Desde 2007 se planificó que sea en esta reunión donde se adopte un acuerdo marco para fijar los límites de emisión de gases de efecto invernadero. Para tener una idea de su importancia, Wallstrôm, la Vicepresidenta de la Comisión Europea, Robinson, la ex Presidenta de Irlanda, y Harlem Brundtland, la ex Presidenta de Noruega, declararon conjuntamente que: “Copenhague representa probablemente la última oportunidad a nivel mundial de controlar el cambio climático antes de que sea demasiado tarde… Copenhague debe ser el fin y el principio. Cuando los historiadores analicen lo sucedido en Copenhague, deberían poder decir qué marcó el final de las promesas huecas y el inicio de un cambio fundamental”.
Pues bien, en Estados Unidos, tras la iniciativa de reforma sanitaria y otras medidas polémicas, se ha lanzado el debate sobre si la hermosa ebriedad de la Obama-manía ya ha dado paso a un Obama-chuchaqui. Pues bien, después del baldazo de agua fría que los mandatarios de China y Estados Unidos han lanzado sobre la Cumbre de Copenhague, es legítimo preguntarse si ese chuchaqui no es ya un malestar global.

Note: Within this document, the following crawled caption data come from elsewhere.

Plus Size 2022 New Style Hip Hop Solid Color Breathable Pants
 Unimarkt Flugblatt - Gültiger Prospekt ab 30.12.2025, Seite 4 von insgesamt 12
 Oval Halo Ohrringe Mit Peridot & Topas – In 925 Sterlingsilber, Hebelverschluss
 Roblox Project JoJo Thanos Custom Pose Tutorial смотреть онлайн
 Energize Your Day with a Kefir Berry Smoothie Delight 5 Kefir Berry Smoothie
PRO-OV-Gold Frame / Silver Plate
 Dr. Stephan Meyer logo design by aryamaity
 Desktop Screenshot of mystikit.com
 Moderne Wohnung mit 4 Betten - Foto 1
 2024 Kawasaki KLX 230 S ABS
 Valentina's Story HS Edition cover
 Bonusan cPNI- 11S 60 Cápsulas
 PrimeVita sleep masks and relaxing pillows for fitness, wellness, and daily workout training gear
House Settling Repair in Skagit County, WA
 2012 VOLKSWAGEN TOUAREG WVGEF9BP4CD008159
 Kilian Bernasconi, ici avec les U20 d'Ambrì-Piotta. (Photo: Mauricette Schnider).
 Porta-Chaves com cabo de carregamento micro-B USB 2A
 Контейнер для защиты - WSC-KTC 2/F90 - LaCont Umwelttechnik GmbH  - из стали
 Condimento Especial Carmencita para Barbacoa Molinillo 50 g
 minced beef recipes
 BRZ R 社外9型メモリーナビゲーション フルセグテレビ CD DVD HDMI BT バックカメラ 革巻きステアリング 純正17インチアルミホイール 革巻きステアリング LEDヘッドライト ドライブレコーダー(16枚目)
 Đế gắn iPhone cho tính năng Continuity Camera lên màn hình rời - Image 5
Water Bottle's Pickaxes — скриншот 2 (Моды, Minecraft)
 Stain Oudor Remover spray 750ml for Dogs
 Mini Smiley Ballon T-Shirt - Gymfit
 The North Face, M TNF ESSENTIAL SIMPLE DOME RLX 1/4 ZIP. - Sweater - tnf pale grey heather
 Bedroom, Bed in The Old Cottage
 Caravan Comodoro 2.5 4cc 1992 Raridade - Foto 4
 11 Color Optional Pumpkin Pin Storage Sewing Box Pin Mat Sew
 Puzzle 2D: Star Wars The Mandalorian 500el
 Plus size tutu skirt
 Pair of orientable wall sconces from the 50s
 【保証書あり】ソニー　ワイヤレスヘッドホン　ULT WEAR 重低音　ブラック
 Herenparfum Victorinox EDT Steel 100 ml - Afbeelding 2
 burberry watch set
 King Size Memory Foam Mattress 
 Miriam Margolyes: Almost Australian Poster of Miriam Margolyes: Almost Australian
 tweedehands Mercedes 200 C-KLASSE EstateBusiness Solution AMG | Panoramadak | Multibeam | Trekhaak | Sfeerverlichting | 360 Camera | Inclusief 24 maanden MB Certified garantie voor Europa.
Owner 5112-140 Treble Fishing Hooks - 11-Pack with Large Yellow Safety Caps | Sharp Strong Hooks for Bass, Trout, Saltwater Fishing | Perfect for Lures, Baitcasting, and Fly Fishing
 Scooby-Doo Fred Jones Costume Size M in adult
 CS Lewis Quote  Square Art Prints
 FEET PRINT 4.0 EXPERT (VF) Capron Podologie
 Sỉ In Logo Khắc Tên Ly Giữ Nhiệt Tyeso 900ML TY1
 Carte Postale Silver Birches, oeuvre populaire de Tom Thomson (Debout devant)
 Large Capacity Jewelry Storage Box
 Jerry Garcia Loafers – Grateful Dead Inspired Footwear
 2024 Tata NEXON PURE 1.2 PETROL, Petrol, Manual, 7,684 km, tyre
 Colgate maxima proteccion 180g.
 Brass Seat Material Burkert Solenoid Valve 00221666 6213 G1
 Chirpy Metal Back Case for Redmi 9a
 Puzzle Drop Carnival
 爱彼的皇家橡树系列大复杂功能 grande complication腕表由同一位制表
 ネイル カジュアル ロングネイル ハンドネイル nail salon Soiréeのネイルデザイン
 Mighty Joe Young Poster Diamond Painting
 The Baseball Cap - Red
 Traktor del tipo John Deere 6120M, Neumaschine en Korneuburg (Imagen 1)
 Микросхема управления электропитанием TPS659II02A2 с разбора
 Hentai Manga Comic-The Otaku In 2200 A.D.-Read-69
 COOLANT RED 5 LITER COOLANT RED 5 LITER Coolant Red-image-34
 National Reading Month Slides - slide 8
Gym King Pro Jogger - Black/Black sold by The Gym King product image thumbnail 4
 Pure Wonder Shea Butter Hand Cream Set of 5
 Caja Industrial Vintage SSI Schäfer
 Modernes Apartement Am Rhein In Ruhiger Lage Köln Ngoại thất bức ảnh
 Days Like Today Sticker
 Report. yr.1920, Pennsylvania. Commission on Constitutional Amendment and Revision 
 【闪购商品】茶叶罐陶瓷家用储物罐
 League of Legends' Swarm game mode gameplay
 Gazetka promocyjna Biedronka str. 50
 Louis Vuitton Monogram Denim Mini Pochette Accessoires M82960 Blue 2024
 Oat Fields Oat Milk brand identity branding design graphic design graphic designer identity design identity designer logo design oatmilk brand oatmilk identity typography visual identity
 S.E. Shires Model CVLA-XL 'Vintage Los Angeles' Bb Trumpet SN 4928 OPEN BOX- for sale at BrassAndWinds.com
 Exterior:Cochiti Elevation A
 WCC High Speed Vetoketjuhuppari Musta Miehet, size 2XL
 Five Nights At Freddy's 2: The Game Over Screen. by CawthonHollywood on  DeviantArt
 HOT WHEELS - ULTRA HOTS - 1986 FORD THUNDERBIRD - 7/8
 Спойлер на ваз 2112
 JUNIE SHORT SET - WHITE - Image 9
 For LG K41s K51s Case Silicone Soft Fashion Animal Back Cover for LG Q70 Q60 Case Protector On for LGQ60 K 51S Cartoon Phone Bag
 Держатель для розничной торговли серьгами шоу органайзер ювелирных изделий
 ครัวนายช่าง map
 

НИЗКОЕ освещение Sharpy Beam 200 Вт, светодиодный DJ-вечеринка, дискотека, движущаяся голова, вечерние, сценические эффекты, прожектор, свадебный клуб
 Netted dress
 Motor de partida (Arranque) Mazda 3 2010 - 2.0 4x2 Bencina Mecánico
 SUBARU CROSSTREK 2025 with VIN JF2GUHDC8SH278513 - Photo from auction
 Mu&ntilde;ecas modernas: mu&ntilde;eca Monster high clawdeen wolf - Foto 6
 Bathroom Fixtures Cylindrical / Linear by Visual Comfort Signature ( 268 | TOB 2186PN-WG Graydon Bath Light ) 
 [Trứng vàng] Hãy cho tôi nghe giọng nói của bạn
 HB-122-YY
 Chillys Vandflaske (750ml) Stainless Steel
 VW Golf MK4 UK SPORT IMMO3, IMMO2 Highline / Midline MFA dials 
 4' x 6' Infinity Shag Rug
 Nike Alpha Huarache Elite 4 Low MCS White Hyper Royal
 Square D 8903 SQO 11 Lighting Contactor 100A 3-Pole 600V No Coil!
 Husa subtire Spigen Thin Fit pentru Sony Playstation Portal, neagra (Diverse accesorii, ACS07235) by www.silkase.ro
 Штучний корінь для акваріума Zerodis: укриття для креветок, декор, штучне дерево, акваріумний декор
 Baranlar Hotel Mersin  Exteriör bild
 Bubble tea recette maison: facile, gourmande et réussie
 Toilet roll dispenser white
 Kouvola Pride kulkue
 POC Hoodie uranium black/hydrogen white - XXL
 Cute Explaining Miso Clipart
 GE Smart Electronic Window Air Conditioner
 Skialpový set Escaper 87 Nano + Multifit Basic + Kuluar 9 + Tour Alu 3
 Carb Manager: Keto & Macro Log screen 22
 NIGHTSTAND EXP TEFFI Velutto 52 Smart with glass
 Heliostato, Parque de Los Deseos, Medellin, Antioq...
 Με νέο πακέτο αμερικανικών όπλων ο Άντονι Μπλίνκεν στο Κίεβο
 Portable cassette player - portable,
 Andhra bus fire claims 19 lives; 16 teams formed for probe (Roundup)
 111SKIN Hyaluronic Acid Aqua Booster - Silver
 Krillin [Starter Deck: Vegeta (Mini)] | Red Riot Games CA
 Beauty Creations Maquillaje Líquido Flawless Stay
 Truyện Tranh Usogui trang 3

Frente a los estudiantes en Shanghái, Obama solventemente declaró que “EE.UU. y China deben dar pasos decisivos en contra del cambio climático”. Mientras que unos pocos días atrás anunció, refiriéndose a la Cumbre, que es demasiado temprano como para que su país pueda asumir compromisos concretos con respecto al cambio climático.
¡Qué horrible resaca da escuchar de Obama una manipulación de lenguaje propia de las peores épocas republicanas! Este malestar es aún más fuerte al considerar la emoción global que se tuvo cuando el régimen de Bush partió; puesto que fueron muchas las voces que pensaban que la posición displicente de EE.UU. con respecto a Kioto se debía a su líder.
Precisamente, una de las ilusiones que Obama trajo era un cambio en políticas ecológicas. La sorpresa no viene de China, puesto que se sabía que por cuestiones de desarrollo y pobreza, este país difícilmente llegaría a un acuerdo. Pero ahora, sin los dos países más contaminantes del mundo dispuestos a llegar a un acuerdo, Copenhague parece quedar vacío de sentido. Ahora, uno de los eventos más prometedores de la década queda exánime antes de haber comenzado; es justo preguntarse si no nos emborrachamos antes de hora.